I know you went to the FinCon blogger conference last year, how was that?
Liz Weston: Yeah, that was really a great event. There were a lot of opportunities for socializing and networking. It was pretty cool. I met Phil Taylor, who is the organizer, several years earlier. He was a participant in a savings contest that I co-hosted with FNBO bank, and really liked him. I thought it was going to be a small event, and it wasn’t at all. They had some great speakers and great information. It was really fun.
It sounds like a great event.
Liz Weston: Yeah, and it’s really a chance for a lot of these bloggers who aren’t professional journalists to brush up on their skills and meet some of the companies that they might work with. I found a lot of them were reluctant to call P.R. people and make contacts because they weren’t sure their calls were going to get returned. It’s nice for them to meet people at the various companies they can reach out to.
You’ve been writing about money and personal finance since the early 1990s. Has any of your financial advice changed over the years?
Liz Weston: Well, we kind of made a joke when I first started this. My editor at The Orange County Register used to always say there are 14 personal finance stories. And we just keep adding new anecdotes and tweaking the advice. Well — not even tweaking the advice — just sort of freshening them up with new anecdotes.
I think the problems that people face don’t change a lot. Throughout the 1990s and into the 2000s, I think a couple of the big differences were that credit standards got a lot looser. People who sort of counted on lenders to tell them how much they could afford really got themselves into trouble. Another big trend that’s been going on is shrinking incomes. We hit a peak in median income around 1999. People are coping with smaller incomes or a less affluent lifestyle than they expected.
I was watching your personal finance seminar on YouTube, and you showed some graphs about how incomes are shrinking.
Liz Weston: Yeah, I mean it’s sort of been a trend more or less since the 1970s, and household incomes didn’t lose ground because a lot of women went back to work. But if you even mentioned the fact that the middle class was getting squeezed, it was like a political statement, and it’s not. This is just what’s happening, and I think it took a while for some of us to figure it out. It’s not just people buying too many lattes. They have more significant, more real, and harder-to-fix issues than just overspending.
In your book, The 10 Commandments of Money, you have a chapter titled “Saving for Retirement Must Come First” and emphasize the importance of saving for retirement above everything else. Why is that so important? Even before paying off a mortgage?
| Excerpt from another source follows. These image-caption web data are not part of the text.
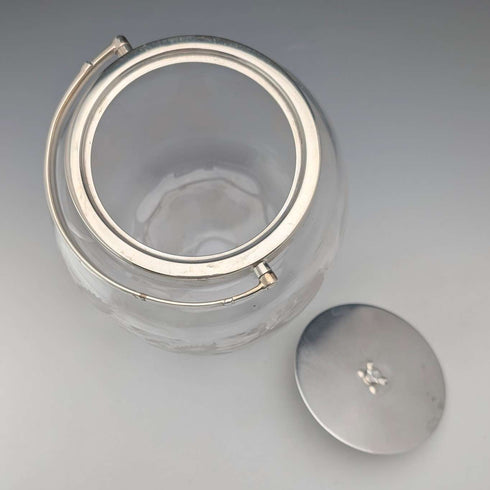 Barril para galletas vintage británico, vidrio grabado, tapa chapada en plata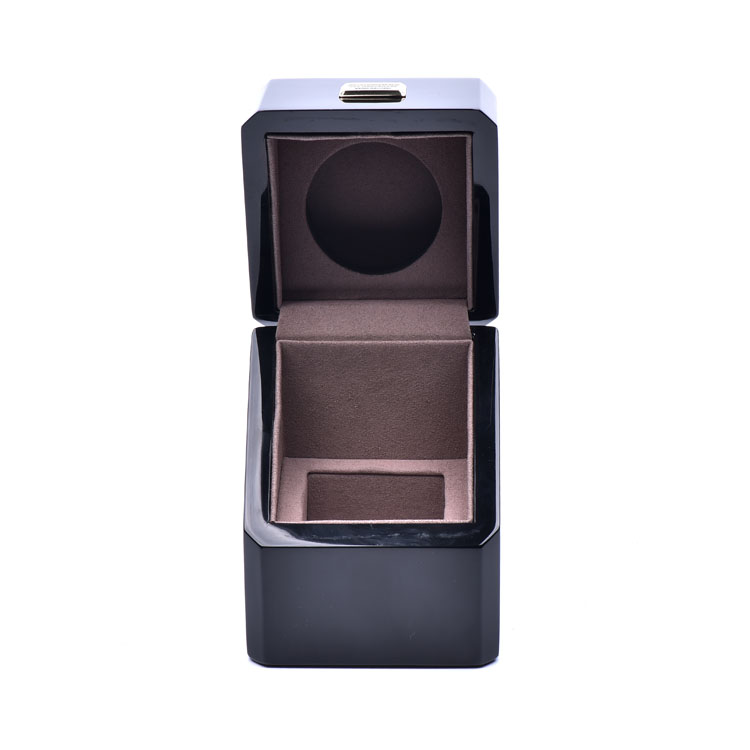 Cubo de pintura de piano negro cubierta oblicua de 45 grados Caja de envasado de perfume de madera de esquina hecha a medida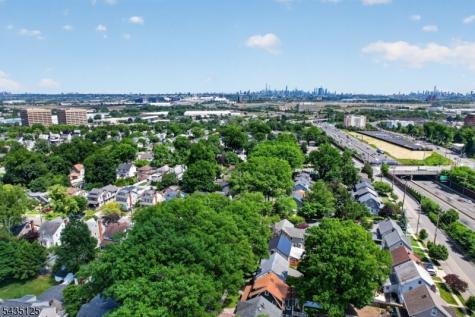 54 Van Riper Avenue Rutherford NJ 07070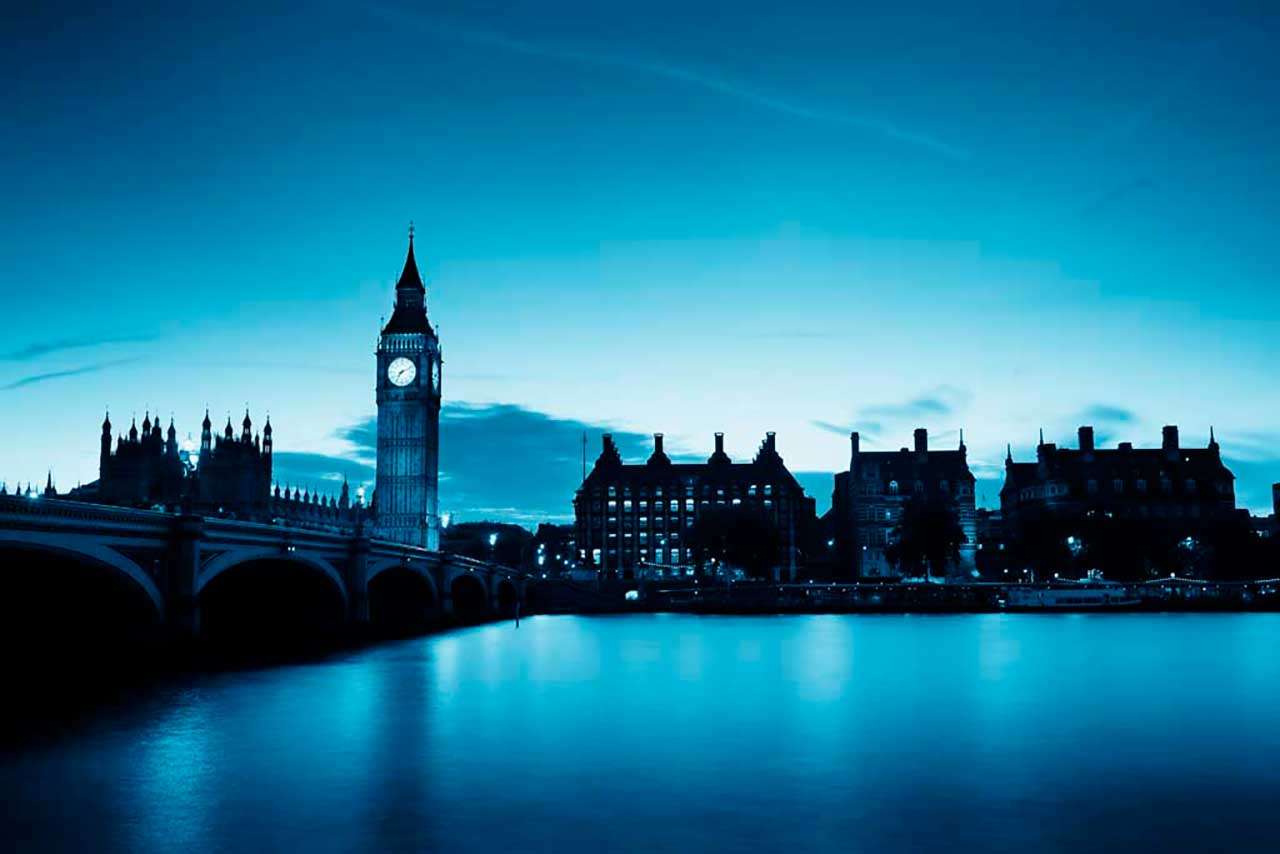 Фотообои в интерьере ночной лондон  9-626 фото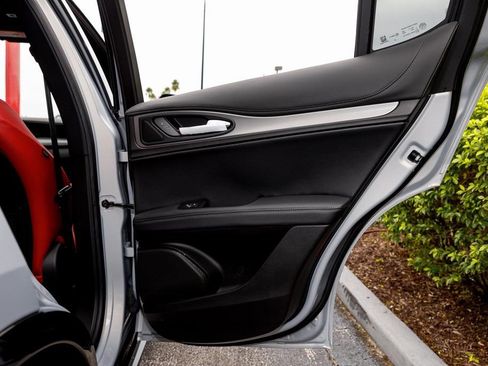 New 2025 Alfa Romeo Stelvio Sprint image 33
Liz Weston: There is a lot of advice on the web about “Paying off your debt,” and that message misses a couple of things: (1) how very expensive retirement is going to be. You’re going to have to replace your income (or at least a chunk of it) for a decade, two decades, or even three decades. And that’s not something you can do overnight. And (2) people don’t understand the power of compounding, which is when you put little bits of money aside over time (and you don’t see much growth), and then, all of a sudden, you start to see real growth because your returns earn returns. The problem with putting it off is that you might not get to that sweet spot, where you’re really making some money on the money you put aside.
Roger Ibbotson, who is the founder of Ibbotson Associates, does a lot of the market research. He did a deep dive into this, and he looked at what people really need to save to have anything approaching a comfortable lifestyle in retirement. Every way he worked the numbers, if you hadn’t started by the time you were at least 35, you had a really tough time catching up. He didn’t want to say impossible because that’s very discouraging, but it’s really, really hard to catch up.
People think, “Oh, I’ll take care of my debt first and then I’ll catch up later.” Well, life doesn’t work like that. As you get into your thirties and forties, your expenses tend to go up, and if you haven’t made room for retirement saving, you’re unlikely to be able to do it then. And the other thing is if you start early, you have so many more options later in life. You can take time off if you want to, you can retire early if you want to; you have all these choices that you don’t have if you put it off.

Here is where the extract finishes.